Peki! Kadınların hakları, kadınların insan hakları konusunda daha o tarihlerde uygar pek çok ülkeyi geride bırakan Türkiye bugün hangi nokta­dadır? Üzülerek ifade etmek gerekir ki, başta şiddet ve namus cinayetleri, başkaca hak ihlalleri olmak üzere toplum olarak bize yakışmayan her türlü ayıpla, çirkinlikle ve ayrımcılıkla iç içe bir durumdadır.

Peki! Ne yapmak gerekir? Bu ayıbı taşıyan, bu çirkinliği eşimize, kız kardeşimize, sevgilimize, arkadaşımıza layık gören ve yapan biz erkeklerin, her­halde önce bizi yetiştiren annelerimizi, onların bizi yetiştirme şeklini ama daha çok kendimizi sorgulamamız gerekiyor.

Kadınlara gelince.
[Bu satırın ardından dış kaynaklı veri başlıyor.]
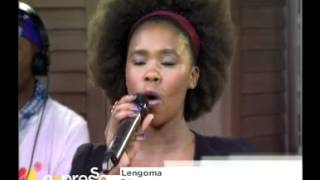 Zahara  Lengoma  Live with DJ SBU 18042012 [upl. by Dorsy]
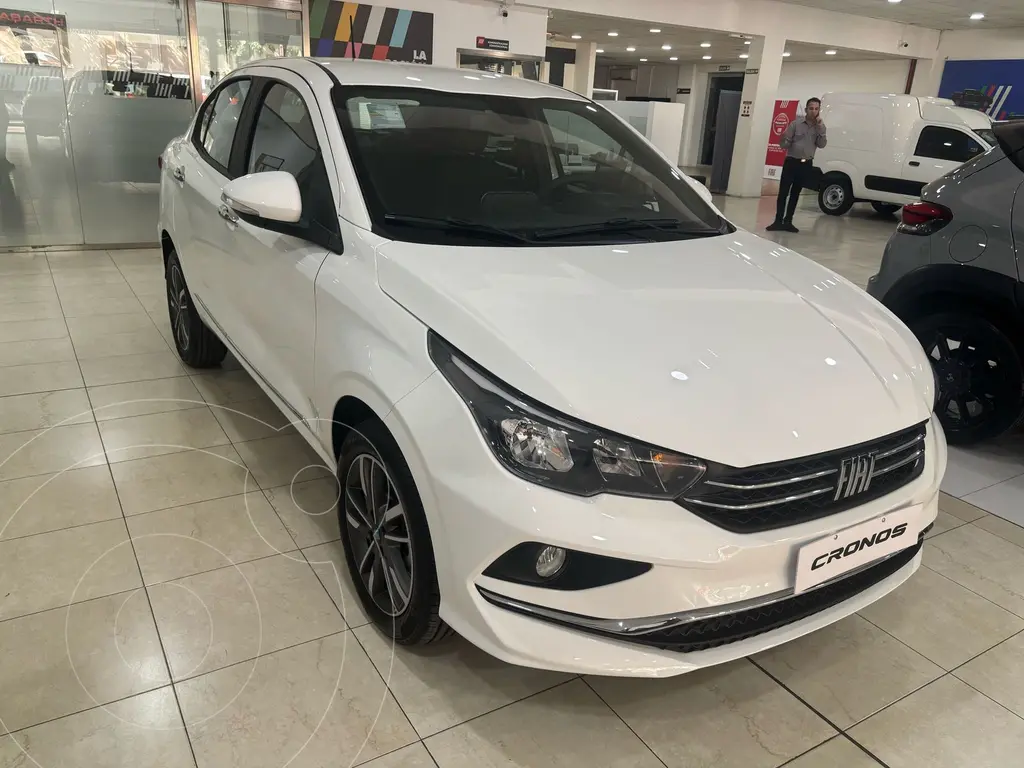foto FIAT Cronos 1.3L Precision CVT financiado en cuotas anticipo $28.324.000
Onlara en güzel cevabı “İkinci Cins” isimli özgün eserinde Fransız yazar, düşünür ve kadın hakları savunucusu Simone de Beauvoir veriyor ve diyor ki: “Kadınlar, kendi tasarılarını yansıtan herhangi bir erkek miti kuramadıkları içindir ki, hala erkeklerin rüyalarıyla rüya görüyorlar.